In summary, the heat capacity at constant volume, Cv, and the heat capacity at constant pressure, Cp, are physical properties of a material that are independent of the heat transferred in any specific process. For an ideal gas, these properties are defined as (\frac{\partial U}{\partial T})_V and (\frac{\partial H}{\partial T})_P, respectively. These properties can be applied in practice to calculate changes in enthalpy and Gibbs free energy.
  • #1
Elz
12
0
1.While studying the thermodynamic properties of perfect gases I saw that the change in internal energy for constant volume process is mCvdT. but it is also the same for const pressure, const temp, const entropy and other reversible non-flow processes.
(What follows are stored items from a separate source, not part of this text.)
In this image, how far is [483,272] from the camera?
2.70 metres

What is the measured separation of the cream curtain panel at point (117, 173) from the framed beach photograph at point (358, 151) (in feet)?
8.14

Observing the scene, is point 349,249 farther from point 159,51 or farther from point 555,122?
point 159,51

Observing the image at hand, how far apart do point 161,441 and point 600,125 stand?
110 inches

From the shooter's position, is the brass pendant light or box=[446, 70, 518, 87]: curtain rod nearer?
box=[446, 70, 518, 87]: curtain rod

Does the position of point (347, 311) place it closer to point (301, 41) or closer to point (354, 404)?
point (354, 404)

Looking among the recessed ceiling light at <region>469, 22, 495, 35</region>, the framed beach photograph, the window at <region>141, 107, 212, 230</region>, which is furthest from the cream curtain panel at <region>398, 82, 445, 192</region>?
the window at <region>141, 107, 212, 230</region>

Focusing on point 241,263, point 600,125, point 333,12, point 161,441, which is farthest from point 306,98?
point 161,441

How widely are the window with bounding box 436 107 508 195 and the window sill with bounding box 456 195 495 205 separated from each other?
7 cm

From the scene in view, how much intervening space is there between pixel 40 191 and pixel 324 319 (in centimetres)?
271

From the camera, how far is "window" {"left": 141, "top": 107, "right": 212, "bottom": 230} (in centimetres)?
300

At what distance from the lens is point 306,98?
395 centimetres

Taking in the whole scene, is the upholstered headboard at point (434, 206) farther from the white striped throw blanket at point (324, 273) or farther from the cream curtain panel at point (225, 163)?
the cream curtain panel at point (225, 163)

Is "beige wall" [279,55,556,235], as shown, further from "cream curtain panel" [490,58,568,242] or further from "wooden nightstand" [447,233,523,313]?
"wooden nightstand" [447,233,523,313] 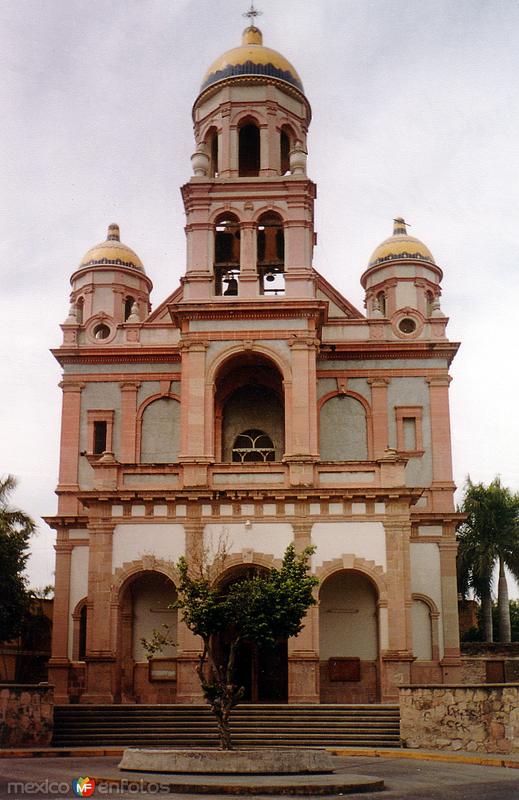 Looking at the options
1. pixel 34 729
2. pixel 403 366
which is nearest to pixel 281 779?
pixel 34 729

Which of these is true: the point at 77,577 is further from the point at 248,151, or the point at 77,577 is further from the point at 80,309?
the point at 248,151

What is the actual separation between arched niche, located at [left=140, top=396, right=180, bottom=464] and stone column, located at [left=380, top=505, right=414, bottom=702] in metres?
10.6

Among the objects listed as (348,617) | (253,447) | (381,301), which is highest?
(381,301)

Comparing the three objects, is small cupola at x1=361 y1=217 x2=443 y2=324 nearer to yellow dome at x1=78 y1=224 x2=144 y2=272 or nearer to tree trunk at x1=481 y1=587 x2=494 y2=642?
yellow dome at x1=78 y1=224 x2=144 y2=272

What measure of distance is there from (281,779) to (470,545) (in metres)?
35.1

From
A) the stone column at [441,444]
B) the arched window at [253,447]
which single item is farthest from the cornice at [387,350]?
the arched window at [253,447]

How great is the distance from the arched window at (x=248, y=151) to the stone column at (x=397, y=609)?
642 inches

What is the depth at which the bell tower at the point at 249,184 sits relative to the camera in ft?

Why is it so?? why it is not mCpdT for const pressure process? The value of Cv and Cp are not same. And if we consider the same system working once for const volume and again for constant pressure then will the temp difference be same? I mean will both the process have same initial and final temperature? If the are same then how can be the value of dU be same as the values of Cv and Cp are different?
does it work like if i heat CO2 at constant pressure then the value of change in internal energy and if i heat the same amount of CO2 at const volume or const entropy then the value of change in internal energy will be same? I mean has it been experimentally established?




2. dU=mCvdT

Why not Cp for const pressure process?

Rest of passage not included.